(Data extracted from a collection)
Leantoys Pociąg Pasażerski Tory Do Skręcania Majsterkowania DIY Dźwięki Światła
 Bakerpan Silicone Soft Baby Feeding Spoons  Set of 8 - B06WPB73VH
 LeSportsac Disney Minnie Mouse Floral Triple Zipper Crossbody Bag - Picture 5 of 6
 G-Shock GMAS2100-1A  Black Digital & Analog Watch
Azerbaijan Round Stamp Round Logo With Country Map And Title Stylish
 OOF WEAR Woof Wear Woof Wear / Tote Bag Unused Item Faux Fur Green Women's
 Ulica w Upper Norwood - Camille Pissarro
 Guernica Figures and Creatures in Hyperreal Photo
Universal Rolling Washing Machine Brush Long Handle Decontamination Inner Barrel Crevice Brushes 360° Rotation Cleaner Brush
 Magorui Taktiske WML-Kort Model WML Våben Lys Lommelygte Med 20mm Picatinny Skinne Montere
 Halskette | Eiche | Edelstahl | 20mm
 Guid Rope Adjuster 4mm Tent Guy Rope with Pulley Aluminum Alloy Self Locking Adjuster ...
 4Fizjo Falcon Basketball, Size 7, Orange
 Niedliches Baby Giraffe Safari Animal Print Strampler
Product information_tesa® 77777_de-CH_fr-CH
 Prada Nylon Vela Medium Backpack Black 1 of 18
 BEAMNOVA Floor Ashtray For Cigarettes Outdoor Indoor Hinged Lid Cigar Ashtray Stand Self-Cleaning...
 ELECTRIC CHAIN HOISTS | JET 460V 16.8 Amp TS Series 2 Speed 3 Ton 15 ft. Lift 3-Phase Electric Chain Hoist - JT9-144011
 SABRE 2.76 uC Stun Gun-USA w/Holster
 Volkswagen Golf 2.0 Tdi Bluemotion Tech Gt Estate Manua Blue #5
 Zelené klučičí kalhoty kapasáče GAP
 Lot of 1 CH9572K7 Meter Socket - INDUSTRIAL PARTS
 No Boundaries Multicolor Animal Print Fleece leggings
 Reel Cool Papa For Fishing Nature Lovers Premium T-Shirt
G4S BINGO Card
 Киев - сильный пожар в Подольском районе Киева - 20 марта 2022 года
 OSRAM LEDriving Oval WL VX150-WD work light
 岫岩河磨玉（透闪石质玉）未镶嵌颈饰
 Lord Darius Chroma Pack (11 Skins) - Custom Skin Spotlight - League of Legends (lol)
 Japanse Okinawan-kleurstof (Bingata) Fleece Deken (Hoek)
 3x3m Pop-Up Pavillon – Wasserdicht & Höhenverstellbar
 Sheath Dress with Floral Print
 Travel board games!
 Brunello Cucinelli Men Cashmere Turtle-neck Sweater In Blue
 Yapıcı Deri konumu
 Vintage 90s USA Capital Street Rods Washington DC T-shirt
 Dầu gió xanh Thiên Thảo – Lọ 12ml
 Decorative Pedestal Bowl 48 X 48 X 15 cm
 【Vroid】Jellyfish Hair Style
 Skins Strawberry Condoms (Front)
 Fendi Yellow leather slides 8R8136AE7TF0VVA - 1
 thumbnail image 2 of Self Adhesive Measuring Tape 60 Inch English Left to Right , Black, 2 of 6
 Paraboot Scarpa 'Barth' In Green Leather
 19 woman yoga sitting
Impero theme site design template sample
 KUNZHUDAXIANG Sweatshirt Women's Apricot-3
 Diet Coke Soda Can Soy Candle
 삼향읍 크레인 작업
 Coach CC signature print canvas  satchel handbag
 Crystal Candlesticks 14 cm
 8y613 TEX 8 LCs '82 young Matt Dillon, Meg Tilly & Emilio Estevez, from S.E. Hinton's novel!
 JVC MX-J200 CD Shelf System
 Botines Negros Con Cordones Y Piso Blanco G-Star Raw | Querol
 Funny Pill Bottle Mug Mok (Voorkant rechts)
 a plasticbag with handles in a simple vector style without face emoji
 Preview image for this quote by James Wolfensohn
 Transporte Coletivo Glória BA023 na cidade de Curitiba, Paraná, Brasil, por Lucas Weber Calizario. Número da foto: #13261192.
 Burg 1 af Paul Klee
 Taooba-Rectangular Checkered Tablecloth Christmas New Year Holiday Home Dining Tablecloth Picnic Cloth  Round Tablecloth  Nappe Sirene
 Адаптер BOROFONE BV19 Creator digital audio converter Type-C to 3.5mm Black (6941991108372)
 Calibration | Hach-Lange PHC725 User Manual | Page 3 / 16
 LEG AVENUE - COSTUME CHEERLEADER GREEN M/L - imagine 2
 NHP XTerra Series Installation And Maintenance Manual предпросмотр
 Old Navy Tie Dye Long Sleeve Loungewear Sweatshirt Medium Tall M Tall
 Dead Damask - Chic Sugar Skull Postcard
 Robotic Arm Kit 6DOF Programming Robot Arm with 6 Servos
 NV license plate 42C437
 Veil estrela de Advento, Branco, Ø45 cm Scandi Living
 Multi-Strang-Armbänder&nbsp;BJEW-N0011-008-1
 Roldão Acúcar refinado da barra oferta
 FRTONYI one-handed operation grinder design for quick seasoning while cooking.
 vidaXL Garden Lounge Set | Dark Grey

- _WHAT NEEDS TO BE DONE_: Go through the data line by line and work out how many lines contain "Baby". Give only that number.

- _EXPECTED OUTPUT_: 2